Google's Penguin Algorithm Update: What You Need to Know

Google's Penguin algorithm was introduced in April 2012 to penalize websites with "bad" or "artificial" links--or, as the search engine clarified, "Any links intended to manipulate a site’s ranking in Google search results."

To Google, a "good" link is a one-way link: a link that points from one site to another. Before the Penguin algorithm, many sites exchanged links, a practice Google penalized.

To avoid penalties, Black Hat webmasters created multiple websites, a hundred or more, all owned by one website, and built to create links to the primary website. Flooded with incoming, one-way links, the primary website leapt in the rankings.

The Penguin algorithm was created, in part, in response to these link-building schemes. Since its inception, Google has updated the algorithm three times, including a recent, final update.

Each successive update has improved the bad link filters, yet the algorithm also attempts to target webspam, including on-page factors, like keyword stuffing, hidden text, and cloaking--when the content presented to the user differs from the content presented to the search engine crawlers.

As John Mueller, the former Google webmaster, said a few years ago in a Webmaster Chat:

"The Penguin algorithm is a webspam algorithm and we try to take a variety of webspam issues into account and use them with this algorithm. It does also take into account links from spammy sites or unnatural links in general, so that’s something that we would take into account there, but I wouldn’t only focus on links."

The Penguin Algorithm is now "Real Time" [Photo Source]
Although Penguin's intent was to limit bad links and webspam, plenty of websites have suffered penalties from inadvertently breaking Google's webmaster guidelines.

Some sites were even penalized as victims of "negative SEO" campaigns--campaigns that Google had, inadvertently encouraged. As we noted before:

"Negative SEO--the practice of harming another site's search engine rankings--has been getting a lot of press in SEO circles recently. The well-respected site, SEO Roundtable, even conducted a poll and 75% of the respondents agreed: "Negative SEO is Easier" thanks to Google's most recent algorithm updates."

Read: "Negative SEO: What You Need to Know"

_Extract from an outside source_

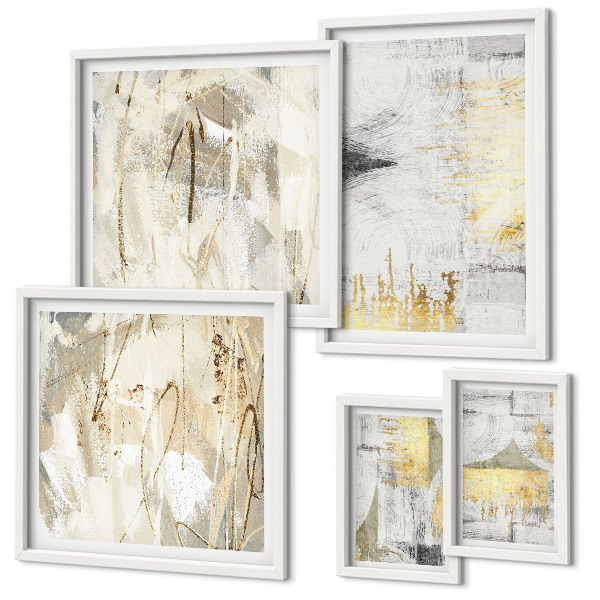Lot de tableaux encadrés Motifs abstraits élégants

By penalizing companies for bad incoming links, Google created a weapon: It's impossible to control bad incoming links--and so many websites were "attacked" with bad links from competitors and penalized by Google.

For sites penalized by Penguin--fairly or not--the consequences have been dire and lasting. As Search Engine Land recently noted in its article on the recent update:

"Introduced in 2012, [Penguin] has operated on a periodic basis. In other words, the Penguin filter would run and catch sites deemed spammy. Those sites would remain penalized even if they improved and changed until the next time the filter ran, which could take months. The last Penguin update, Penguin 3.0, happened on October 17, 2014. Any sites hit by it have waited nearly two years for the chance to be free."

With this new update, announced last Friday, Google has seemingly resolved the wait:

"Penguin is now real-time," the search engine says. "Historically, the list of sites affected by Penguin was periodically refreshed at the same time. Once a webmaster considerably improved their site and its presence on the internet, many of Google's algorithms would take that into consideration very fast, but others, like Penguin, needed to be refreshed. With this change, Penguin's data is refreshed in real time, so changes will be visible much faster, typically taking effect shortly after we recrawl and reindex a page."

This is great news for websites that have been penalized in the past, especially those that have been penalized unfairly.

How to Identify Bad Links 

The first step to Penguin compliance is identifying any bad links pointing to your site.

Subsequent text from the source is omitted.